On the B2B front, Gainsight found a strong positive correlation (roughly 0.7 × per 1 ppt increase) between Net Revenue Retention (NRR) and Enterprise‑Value/Revenue multiples across SaaS firms, meaning that even a 1 ppt improvement in existing‑customer growth correlates with ~$700 M more enterprise value on a $1B revenue base. Though focused on SaaS, this example shows how strongly retention metrics like NRR can signal enterprise value. Consumer brands can look to mirror such an approach with loyalty or CLV-based proxies.
Intent:
Google search data has a very high correlation with Netflix's US subscriber growth.
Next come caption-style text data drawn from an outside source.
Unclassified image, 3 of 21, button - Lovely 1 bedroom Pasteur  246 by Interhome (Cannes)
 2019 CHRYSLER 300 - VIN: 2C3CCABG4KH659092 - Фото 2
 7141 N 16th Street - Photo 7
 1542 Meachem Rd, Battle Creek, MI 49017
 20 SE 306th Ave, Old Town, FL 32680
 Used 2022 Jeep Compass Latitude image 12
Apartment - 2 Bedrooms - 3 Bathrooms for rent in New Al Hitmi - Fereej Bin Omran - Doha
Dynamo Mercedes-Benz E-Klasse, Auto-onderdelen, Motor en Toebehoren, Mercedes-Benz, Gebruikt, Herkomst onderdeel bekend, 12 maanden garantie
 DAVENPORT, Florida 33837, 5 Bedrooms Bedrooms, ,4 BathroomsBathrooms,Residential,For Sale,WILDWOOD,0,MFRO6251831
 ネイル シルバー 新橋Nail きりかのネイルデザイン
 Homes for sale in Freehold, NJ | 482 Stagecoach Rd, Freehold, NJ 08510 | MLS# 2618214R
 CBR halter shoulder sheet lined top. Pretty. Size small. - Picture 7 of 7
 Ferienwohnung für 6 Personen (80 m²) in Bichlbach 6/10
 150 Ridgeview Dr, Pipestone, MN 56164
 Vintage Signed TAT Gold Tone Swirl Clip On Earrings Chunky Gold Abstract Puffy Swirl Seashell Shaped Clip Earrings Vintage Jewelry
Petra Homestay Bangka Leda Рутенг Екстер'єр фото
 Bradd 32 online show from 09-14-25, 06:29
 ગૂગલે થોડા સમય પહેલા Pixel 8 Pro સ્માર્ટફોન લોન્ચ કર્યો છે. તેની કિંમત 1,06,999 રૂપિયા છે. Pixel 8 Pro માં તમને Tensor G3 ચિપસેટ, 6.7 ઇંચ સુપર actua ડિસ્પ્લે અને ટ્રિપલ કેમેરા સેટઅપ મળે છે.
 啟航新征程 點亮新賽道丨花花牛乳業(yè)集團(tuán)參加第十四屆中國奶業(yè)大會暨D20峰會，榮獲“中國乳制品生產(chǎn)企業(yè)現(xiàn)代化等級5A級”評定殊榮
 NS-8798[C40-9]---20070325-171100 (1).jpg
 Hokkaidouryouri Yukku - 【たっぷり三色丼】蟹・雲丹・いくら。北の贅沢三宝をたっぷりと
Share of organic Search is a strong leading indicator of Share of Market across Automotive, Energy and Mobile Phone Handsets. This can be influenced by advertising investment and pricing.

Closing thoughts
The shift toward easily measured metrics created an illusion of certainty. Over time, this overconfidence led to decisions anchored in what was visible, not always what was valuable, favoring short-term attribution over long-term effect. But not everything that counts can be cleanly counted. By identifying strong correlations between brand or experience signals and commercial outcomes, it’s possible to make more confident decisions, even without perfect causality.
What is meaningful for one business will be different to another, so there’s no one-size-fits-all approach. Importantly, the use of proxies gives us guidance instead of prescribing solutions, ensuring that we augment our judgement, not replace it.